54. Although the issues relating to His Majesty King Dalindyebo cannot be dealt with by this court, it is important to make remarks relevant to the risks of Parliament not accepting, as mandatory, the duty to pass appropriate legislation that gives guidance to how traditional leaders may exercise their powers of punishment in a manner that is consonant with the Constitution. The King's acts for which he was convicted were committed in early 1996 and before the new (final) Constitution took effect. Under the hodgepodge legislation existing at the time, the King may well have been properly exercising his civil and criminal jurisdiction over his subjects. Because there is no legislation giving traditional leaders guidance on how they may exercise their powers of punishment, a traditional leader, who under customary law has the power to impose particular forms of punishment, may find himself or herself held liable in civil or criminal law for his punishment decisions.
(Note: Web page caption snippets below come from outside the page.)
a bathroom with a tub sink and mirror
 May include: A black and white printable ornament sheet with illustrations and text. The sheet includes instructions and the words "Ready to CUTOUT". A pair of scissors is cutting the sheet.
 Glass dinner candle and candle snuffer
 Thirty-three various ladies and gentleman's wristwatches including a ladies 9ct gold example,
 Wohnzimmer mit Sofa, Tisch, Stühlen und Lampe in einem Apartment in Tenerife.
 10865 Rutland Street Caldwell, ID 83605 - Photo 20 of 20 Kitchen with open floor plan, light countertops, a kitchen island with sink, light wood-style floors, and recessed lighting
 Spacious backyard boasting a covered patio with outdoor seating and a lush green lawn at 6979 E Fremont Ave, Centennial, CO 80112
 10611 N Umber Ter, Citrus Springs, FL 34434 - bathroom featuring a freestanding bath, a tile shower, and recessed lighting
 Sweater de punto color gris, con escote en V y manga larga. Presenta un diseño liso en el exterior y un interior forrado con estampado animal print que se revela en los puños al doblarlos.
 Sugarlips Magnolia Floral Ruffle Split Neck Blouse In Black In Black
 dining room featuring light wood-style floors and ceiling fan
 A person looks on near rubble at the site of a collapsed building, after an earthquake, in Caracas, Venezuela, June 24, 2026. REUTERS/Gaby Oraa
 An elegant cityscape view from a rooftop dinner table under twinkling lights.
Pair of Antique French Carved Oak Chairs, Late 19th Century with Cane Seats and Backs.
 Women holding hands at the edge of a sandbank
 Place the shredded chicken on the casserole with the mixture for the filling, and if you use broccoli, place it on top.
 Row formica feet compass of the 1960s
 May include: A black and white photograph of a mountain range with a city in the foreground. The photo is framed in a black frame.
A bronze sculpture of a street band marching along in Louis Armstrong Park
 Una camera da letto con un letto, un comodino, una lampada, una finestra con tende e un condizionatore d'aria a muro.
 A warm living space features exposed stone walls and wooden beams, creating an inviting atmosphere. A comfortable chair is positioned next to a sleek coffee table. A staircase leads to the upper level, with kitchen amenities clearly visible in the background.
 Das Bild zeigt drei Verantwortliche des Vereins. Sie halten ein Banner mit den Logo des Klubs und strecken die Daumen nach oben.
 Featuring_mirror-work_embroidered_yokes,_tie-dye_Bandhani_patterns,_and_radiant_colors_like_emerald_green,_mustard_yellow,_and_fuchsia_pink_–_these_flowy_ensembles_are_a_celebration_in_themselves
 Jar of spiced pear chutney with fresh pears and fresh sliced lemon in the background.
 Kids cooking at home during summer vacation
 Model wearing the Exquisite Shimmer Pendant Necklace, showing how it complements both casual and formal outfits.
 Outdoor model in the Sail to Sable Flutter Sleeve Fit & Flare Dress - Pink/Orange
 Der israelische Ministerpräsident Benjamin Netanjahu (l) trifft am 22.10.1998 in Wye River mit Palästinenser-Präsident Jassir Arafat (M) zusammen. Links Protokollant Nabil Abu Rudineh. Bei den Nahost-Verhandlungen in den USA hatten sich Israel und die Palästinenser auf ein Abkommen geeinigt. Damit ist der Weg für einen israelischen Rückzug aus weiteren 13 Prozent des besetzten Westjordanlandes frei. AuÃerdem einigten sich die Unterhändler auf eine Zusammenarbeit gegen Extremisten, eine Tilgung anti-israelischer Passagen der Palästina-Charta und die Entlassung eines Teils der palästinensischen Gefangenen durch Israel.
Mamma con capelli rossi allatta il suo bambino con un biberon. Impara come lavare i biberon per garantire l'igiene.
55. The issue of immunity was debated extensively during argument and requires some attention since it is critical to the proper functioning of any judicial or prosecutorial system. At the hearing, it is clear that the Respondent, who had initially opposed the submission that traditional leaders enjoyed immunity when they exercise their powers in traditional court and in accordance with customary law, changed their view and conceded that immunity was applicable to traditional leaders. The scope of this immunity was a matter extensively debated with the parties, demonstrating the complexity of the issue. Let me first deal with the position prior to the Constitution.
56. The power of African Kings and Chiefs to impose a compulsory levy to pay for the expense of tribal litigation and to seize property of those who refused to pay was recognised in Molusi v Matlaba 1920 TPD 389. The power to levy, said Wessels JP, was "an extraordinarily large power ".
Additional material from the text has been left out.